Позже Вудхауз писал шутливо: «‘Цитадель’ — это одно из тех исторических строений, где в мирное время берут за вход по два франка с человека….Словом, цитадель, раз туда попал, то уж попал. Толщина ее стен — четырнадцать футов. Коридоры освещаются узкими бойницами в нишах» [40] . В «Цитадель» вела изнурительно длинная и крутая каменная лестница, а внутри имелся дворик, куда заключенных выводили на прогулку; Вудхауз назвал его довольно вместительной плевательницей’. Комнаты были голые, по ним гуляли сквозняки; заключенным приходилось сгребать грязную солому и спать на полу. Несмотря на средневековый вид, мрачная крепость-тюрьма была построена в эпоху наполеоновских войн, чтобы защищать стратегически важную точку на Маасе. До сих пор она мрачно нависает над городком Юи, хотя в мирное время там устроили музей. Гражданским, оказавшимся в нацистском плену, не забыть проведенное там время, а некоторые так и не восстановят здоровье. В «Цирковой блохе», многогранном «автопортрете в письмах», Вудхауз решил описать не Лоос или Льеж, а пять недель в Юи — пять недель невиданных лишений и тягот, которые оставили глубокий, неизгладимый отпечаток.
40
Перевод И. Бернштейн.
В Юи его, все еще одного из многих пленных, записали как «Уайтхауза»; когда это имя выкрикивали вечером, заключенные иногда путали его с приказом гасить свет, но Вудхауз не поправлял ошибку. Он считал, что быть заносчивым плохо, и не поддавался соблазну воспользоваться своей известностью. Однако 21 августа он выдал себя, написав от имени всех 700 интернированных прошение в штаб Красного Креста в Брюссель, чтобы им разрешили «связаться с семьями», но командовавший Цитаделью офицер гестапо разорвал письмо, глядя в глаза Вудхаузу. В остальном, помимо этого единственного проявления лидерства, Вудхауз старался оставаться обычным заключенным. Тем не менее для остальных узников, по преимуществу англичан, подлинная личность «Уайтхауза» явно не была тайной. В типично английском духе они не хотели донимать вопросами знаменитого товарища по несчастью и хвастаться знанием его книг. В конце августа какой-то «оборванный и потрепанный» заключенный тихонько подошел к нему в одном из едва освещенных мрачных коридоров Цитадели, спросил: «Как бы Акриджу понравилась такая жизнь?» — и поведал, что он тоже выпускник частного колледжа — школы Гильдии портных [41] . «Еще один оборванный заключенный, — записал Вудхауз, — окончил Винчестер-колледж, а потом Оксфорд».
41
Основанная в 1327 г. Гильдия портных уже с XVII века не функционирует как гильдия, а занимается в первую очередь благотворительностью. Лондонская школа, которую содержит Гильдия портных, — одна из самых престижных в стране.

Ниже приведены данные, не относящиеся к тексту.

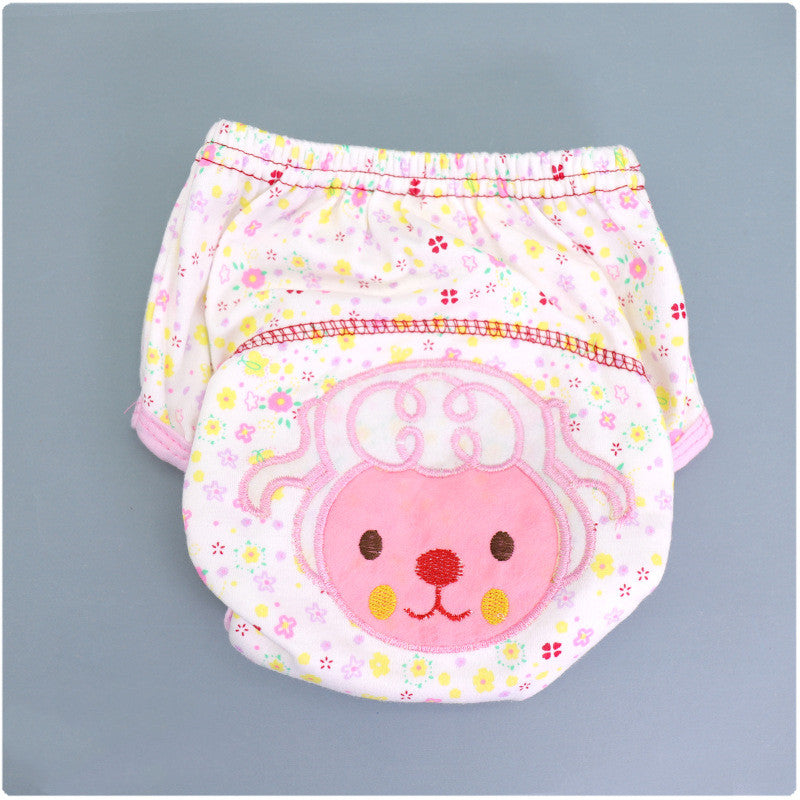 Summer Embroidered Baby Cotton Learning Pants Diaper Pocket Waterproof Training Pants Leak-Proof Breathable Bread Pants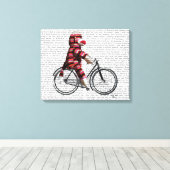 Sock Monkey auf dem Fahrrad Leinwanddruck (Insitu (Holzboden))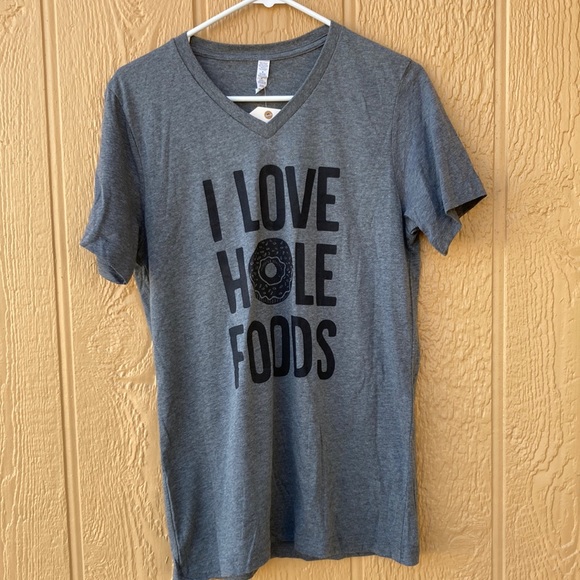 Ruby’s Rubbish Tops - Ruby’s Rubbish Tee gray v neck graphic I Love Hole Foods New Size Med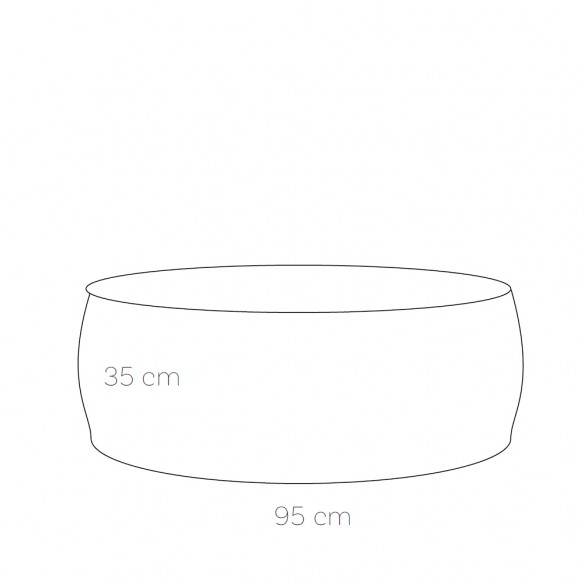 VELTY Round Pouf dimensions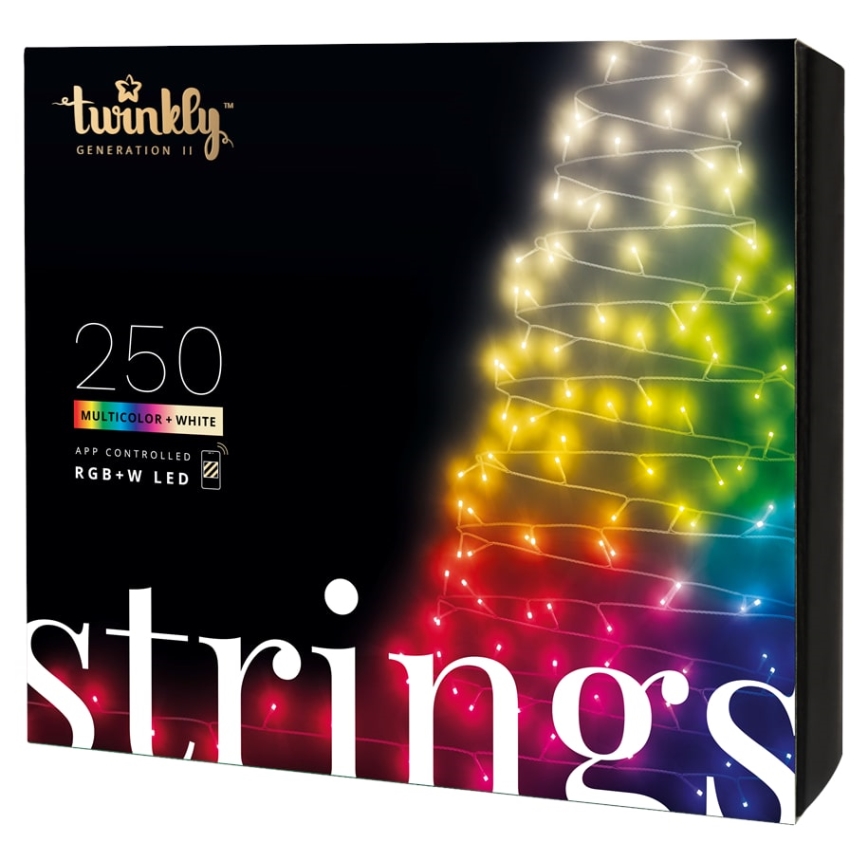 Twinkly - LED RGBW Χριστουγεννιάτικα λάμπακια εξωτερικού χώρου STRINGS 250xLED 23,5m IP44 Wi-Fi
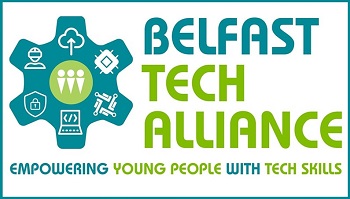 Belfast Tech Alliance logo including wording 'Empowering young people with tech skills' 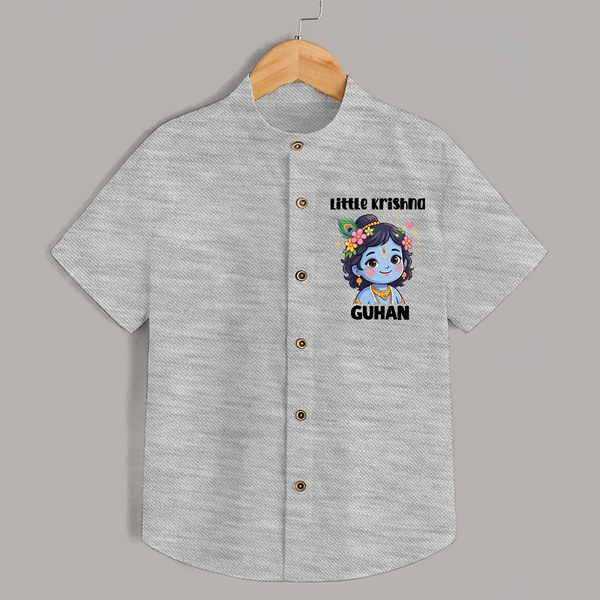 Little Krishna Floral Crown Print Shirt - GREY - 0 - 6 Months Old (Chest 23")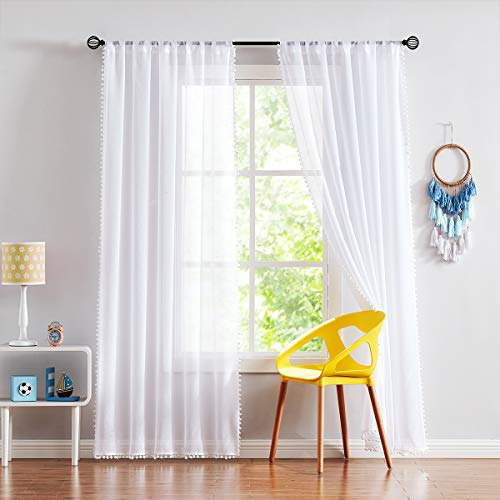 Cortinas Translúcidas Con Borlas Para Decoración Del Hogar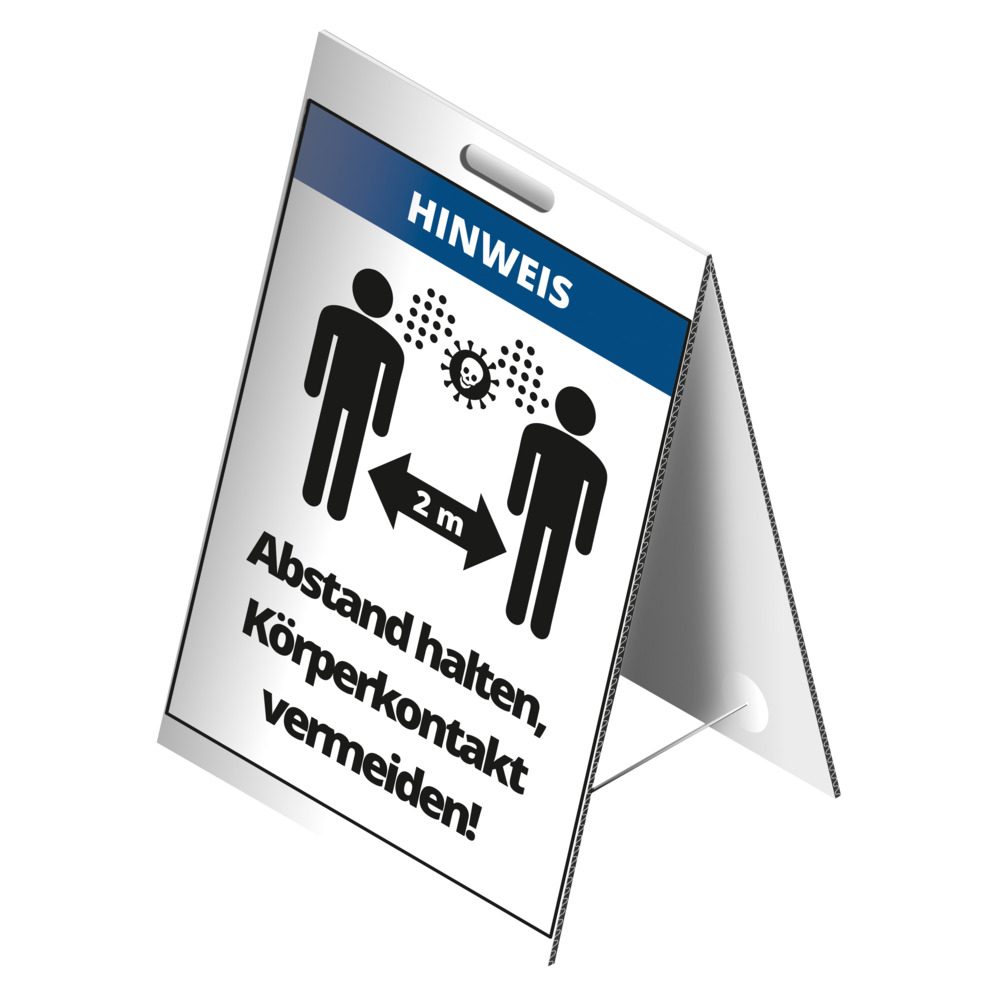 Biển báo trên mái "Giữ khoảng cách, tránh tiếp xúc!"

То, что его характер сложился в Далвиче, помогло Вудхаузу стоически сохранять душевное равновесие в эти тяжкие недели. 13 августа он записал, что «уже десять ночей проспал без одеяла, а прошлой ночью стоял невыносимый холод», и с благодарностью отметил, что его друг Элджи где-то раздобыл термос.
«Отолью немного кофе с вечера и выпью ранним утром», — доверился Вудхауз своей записной книжке. Если не говорить о холоде, то, несмотря на внезапную потерю собственной частной жизни в плену Вудхауз справлялся с бытом без труда, и свою «ежедневную дюжину упражнений» делал, не стесняясь. Когда он стал выполнять упражнения в первый раз, то, по его словам, «собралось множество зевак. У нас все обросли бородой, носят шапки и протертые до блеска пальто и брюки — очень похоже на футбольных болельщиков с севера».
Колледж научил его ценить редкие мгновения нежданной радости. Четырнадцатого августа, читаем мы в его записках, был
…чудесный день!..Внезапно, ни с того ни с сего, я ощутил какую-то приподнятость — беспримесную радость, как если бы из-за туч вышло солнце… Ко мне пришел один человек и вернул пять франков, которые он занял несколько дней назад, потому что у него не было бельгийских денег. Это очень тронуло меня… и я почувствовал, какие все на самом деле хорошие.
В подлинно товарищеском духе он сам вызывался трудиться на уборке, чистить картошку и носить суп из кухни. Случались и другие события, живо напоминавшие ему школу. «Удивительно, — писал он, — как человек может быть всей душой одержим мыслью о пище… Сегодня Шеррер сходил в город (в столовую) и принес мне полкило конфет. Восторг!»